Art, tech, and music converged on November 4th at Dreamverse, an NFT-themed event that saw New York’s Terminal Five transformed into a dimly lit gallery that played host to various projects, including virtual reality (VR), augmented reality (AR), and artificial intelligence (AI) experiments. On tap at the event were three big headlers: Mike Winkelmann, also known as Beeple, the darling of the NFT world; Alesso, a Swedish House Mafia DJ; and German artist Carsten Höller, who has had a long and successful career in the traditional art world. Beeple and Höller’s appearances were particularly anticipated because the artists were presenting new work.
Höller, who is best known for his sculptures resembling giant slides, had partnered with Acute Art to create a new piece called 7.8 (Reduced Reality App). Once users had scanned a QR code and downloaded the Acute Art app, their phones were supposed to start vibrating and flashing at 7.8 beats a second. As Höller described in an interview with ARTnews last month: “It makes the phone freak out.”
It was also expected to make Dreamverse’s attendees do the same. Concert lights were to sync to this pulse, and there loomed that the possibility that the 7.8 hertz frequency would cause some to experience hallucinogenic effects. (One might have feared that this glitchy participatory art piece might cause some attendees to collapse.) But the result was all too dull to bring anything other than indifference from the hundreds of people in the crowd.
The party kicked off successfully as the venue filled with more and more cryptoheads, finance guys, and NFT artists, Winkelmann among them. (Höller, who is based in Sweden, was not present.) Dance music was intermittently disrupted to remind people to download the Acute Art app using the QR codes pasted on the walls not covered in screens displaying NFTs. The crowd was eventually alerted to the fact that the main event was about to start, and people started streaming closer to the stage.
The music lowered, and the MC reminded everyone to download the Acute Art app that was now displayed behind the DJ booth. A giant 60-second countdown flashed on the ceiling, and everyone was reminded not to activate the app until the countdown finished. The hall was silent. In the dark, people murmured and shifted, deflated from the sudden loss of energy.
That’s when the technical difficulties began. A few phones started flashing ahead of time, generating a kind of sleepy rhythm that only dimly illuminated the screen. A freakout, this was not. All the while, others struggled to activate the app.
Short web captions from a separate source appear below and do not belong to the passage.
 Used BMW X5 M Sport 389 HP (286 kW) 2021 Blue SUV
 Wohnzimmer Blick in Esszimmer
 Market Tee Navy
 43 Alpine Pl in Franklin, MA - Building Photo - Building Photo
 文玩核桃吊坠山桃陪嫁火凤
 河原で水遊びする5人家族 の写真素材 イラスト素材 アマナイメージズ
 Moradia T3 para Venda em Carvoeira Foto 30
By the time the countdown finished, the crowd stood together silently as a a few phones lit up. Every once in a while the giant screen would turn white.
Terminal Five began to rumble with boos. As if in deference to the fact that 7.8 (Reduced Reality App) had not gone quite as planned, the MC awkwardly ignored Höller’s piece altogether.
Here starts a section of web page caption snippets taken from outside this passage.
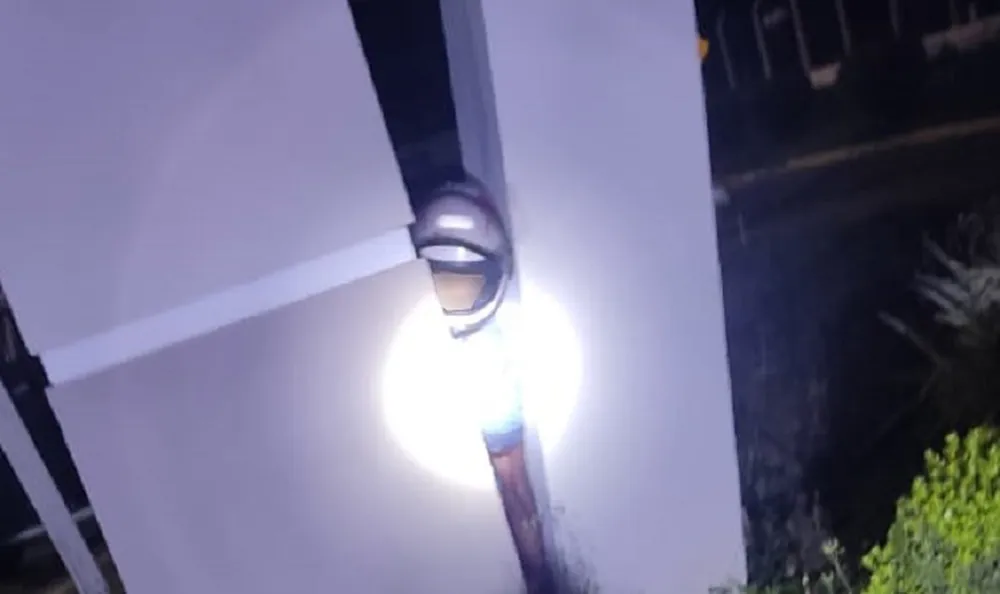 Homem morre após colidir motocicleta contra portal de entrada de Parapuã e ficar preso entre as colunas de concreto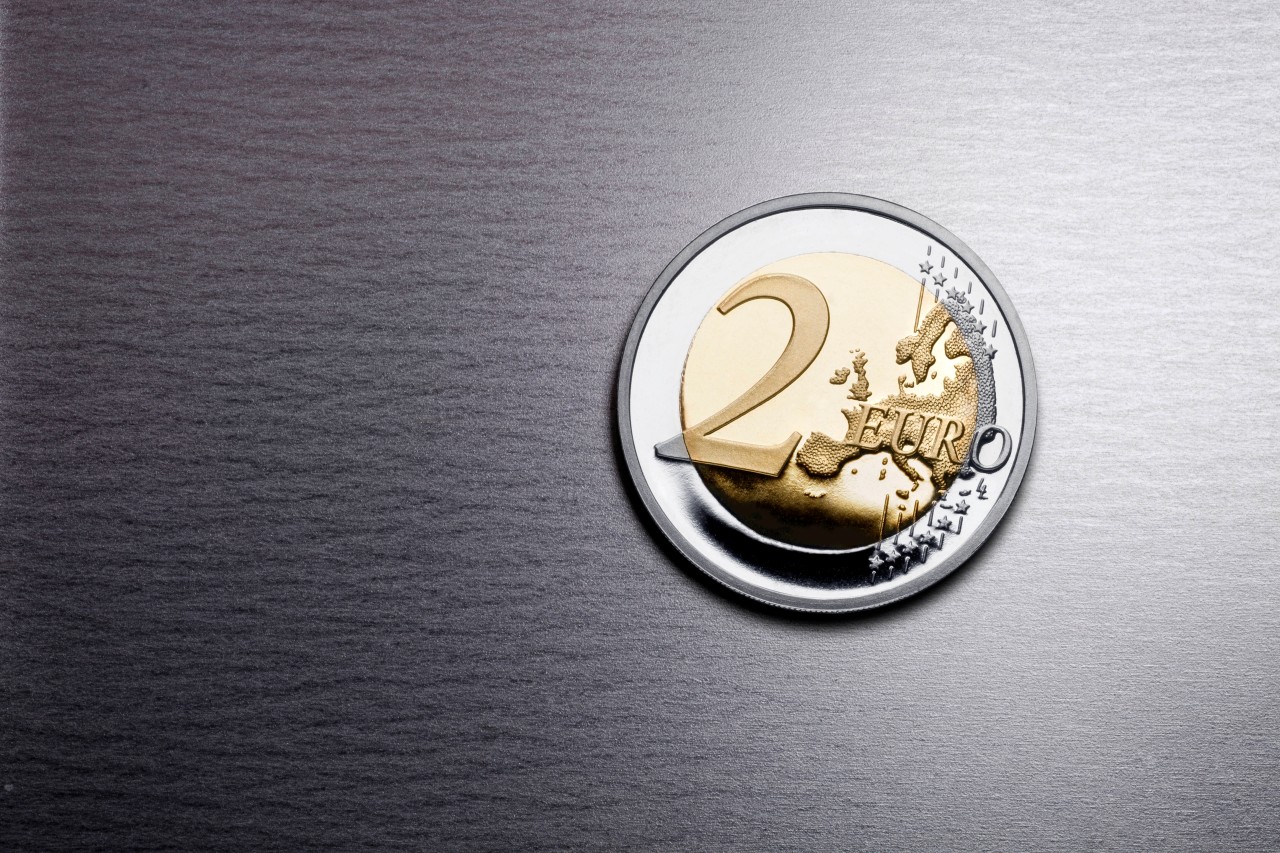 Eine Zwei-Euro-Münze soll für eine halbe Millionen den Besitzer wechseln. (Symbolbild)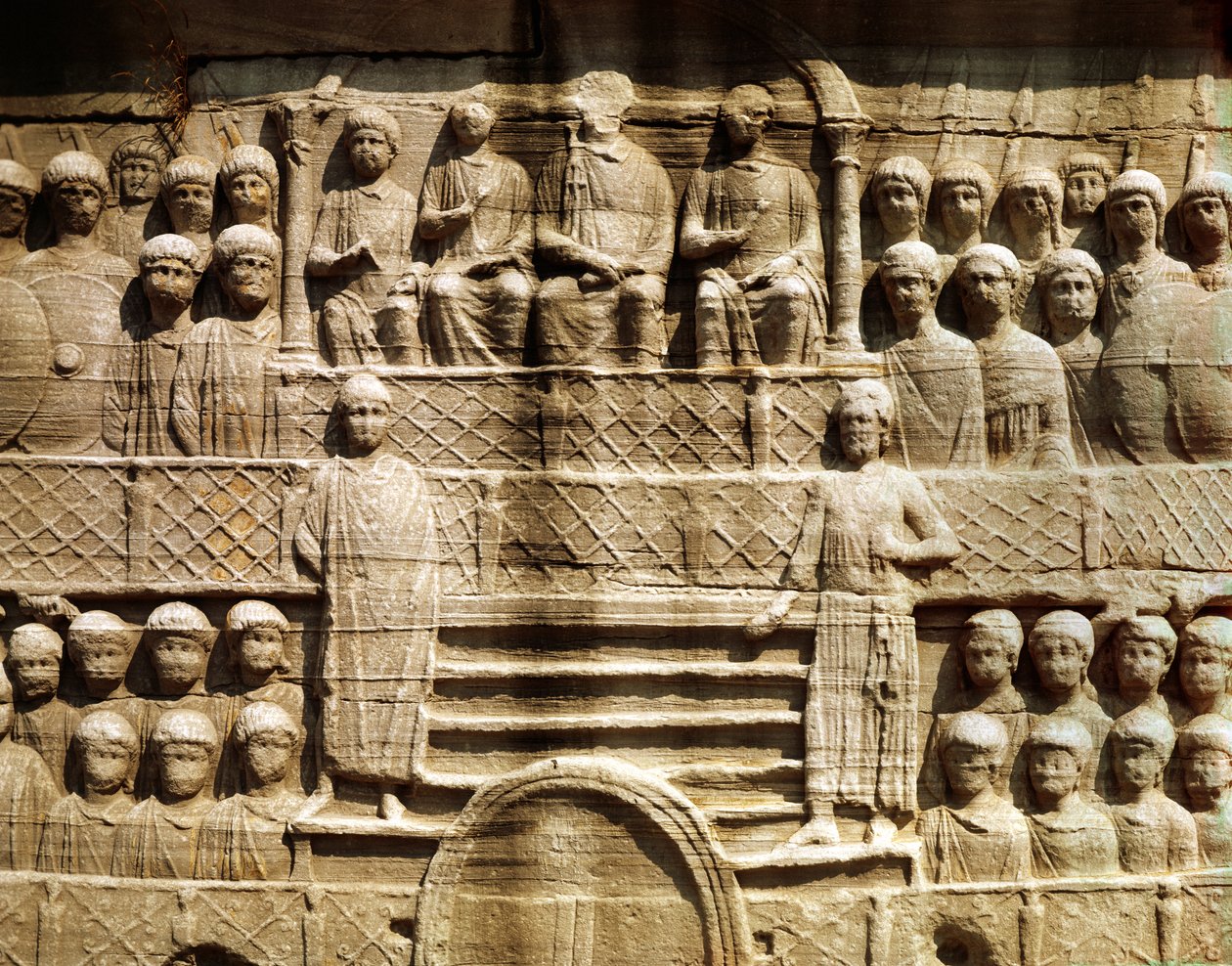 Relieff på bunnen av Obelisken til Theodosius I (347-395) også kjent som Obelisken til Tuthmosis III, fra Karnak (marmor) av Roman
Thankfully, there was Beeple to save the day. The artist was on hand to display his NFT Everydays: The First 5000 Days, which memorably sold at Christie’s earlier this year for $69.3 million. In that work, there are 5,000 images—one for each day that the artist worked on the piece—that are arranged in rows. Taken all together, the piece is a neon-colored mishmash of barely identifiable pictures, but at Dreamverse, where the work was displayed on a big screen for the first time, audience members were able to see the individual works within the larger composite.
It’s not a stretch to say that the crowd that attended Dreamverse—if not the whole industry—owes something to Beeple for putting NFTs on the map to the Everydays sale at Christie’s. In fact, throughout the night, multiple people said that it was the Beeple auction that had convinced them to get into the NFT game in the first place. As might be expected given that reaction, a loud round of applauses erupted began as the screen zoomed around the giant composite work, focusing on a few select tiles, many of them depicting Buzz Lightyear from Toy Story. By the time the screen zoomed out to show a full picture of the piece, the crowd had gone wild. Beeple: 1, Höller: 0.